Greek writers give a more flattering account of the Ephthalites, which may perhaps be due to the fact that they were useful to the East Roman empire as enemies of Persia and also not dangerously near. Procopius says that they were far more civilized than the Huns of Attila, and the Turkish ambassador who was received by Justin is said to have described them as ἀστικοί, which may merely mean that they lived in the cities which they conquered. The Chinese writers say that their customs were like those of the Turks; that they had no cities, lived in felt tents, were ignorant of writing and practised polyandry.
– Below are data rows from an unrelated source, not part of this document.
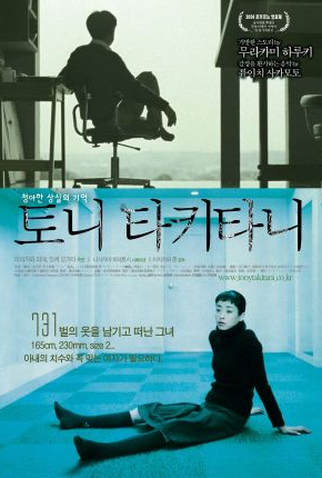 Poster 2 de Filme Tony Takitani (2004)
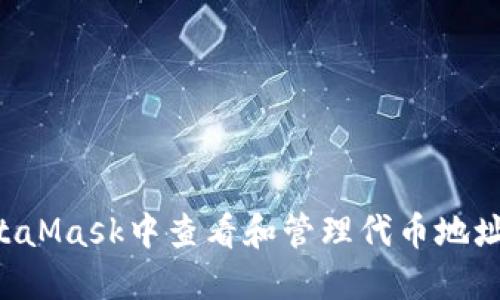 如何在MetaMask中查看和管理代币地址：详细指南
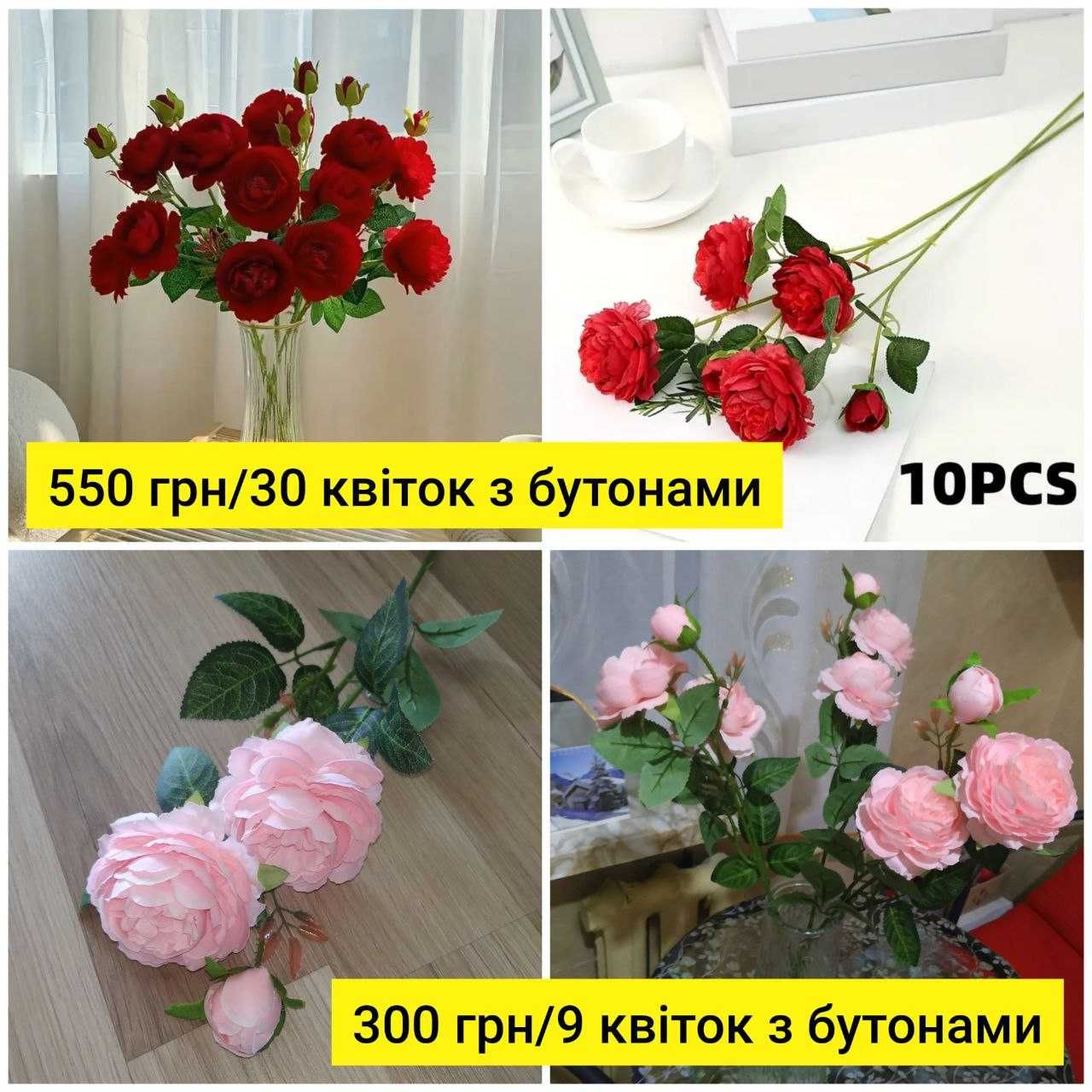 Букет троянд, штучні троянди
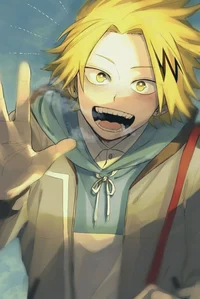 Denki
Nothing whatever is known of their language, but some scholars explain the names Toramana and Jauvla as Turkish.
For the possible connexion between the Ephthalites and the European Huns see Huns. The Chinese statement that the Hoa or Ye-tha were a section of the great Yue-Chi, and that their customs resembled those of the Turks (Tu-Kiue), is probably correct, but does not amount to much, for the relationship did not prevent them from fighting with the Yue-Chi and Turks, and means little more than that they belonged to the warlike and energetic section of central Asian nomads, which is in any case certain. They appear to have been more ferocious and less assimilative than the other conquering tribes. This may, however, be due to the fact that their contact with civilization was so short; the Yue-Chi and Turks had had some commerce with more advanced races before they played any part in political history, but the Ephthalites appear as raw barbarians, and were annihilated as a nation in little more than a hundred years. Like the Yue-Chi they have probably contributed to form some of the physical types of the Indian population, and it is noticeable that polyandry is a recognized institution among many Himalayan tribes, and is also said to be practised secretly by the Jats and other races of the plains.
Among original authorities may be consulted Procopius, Menander Protector, Cosmas Indicopleustes (trans. McCrindle, Hakluyt Society, 1897), the Kashmir chronicle Rajataranginî (trans. Stein, 1900, and Yüan Chwang). See also A. Stein, White Huns and Kindred Tribes (1905); O. Franke, Beiträge aus chinesischen Quellen zur Kenntnis der Türkvölker und Skythen (1904); Ujfalvy, Mémoire sur les Huns Blancs (1898); Drouin, Mémoire sur les Huns Ephthalites (1895); and various articles by Vincent Smith, Specht, Drouin, and E. H. Parker in the Journal of the Royal Asiatic Society, Journal asiatique, Revue numismatique, Asiatic Quarterly, &c. (C. El.)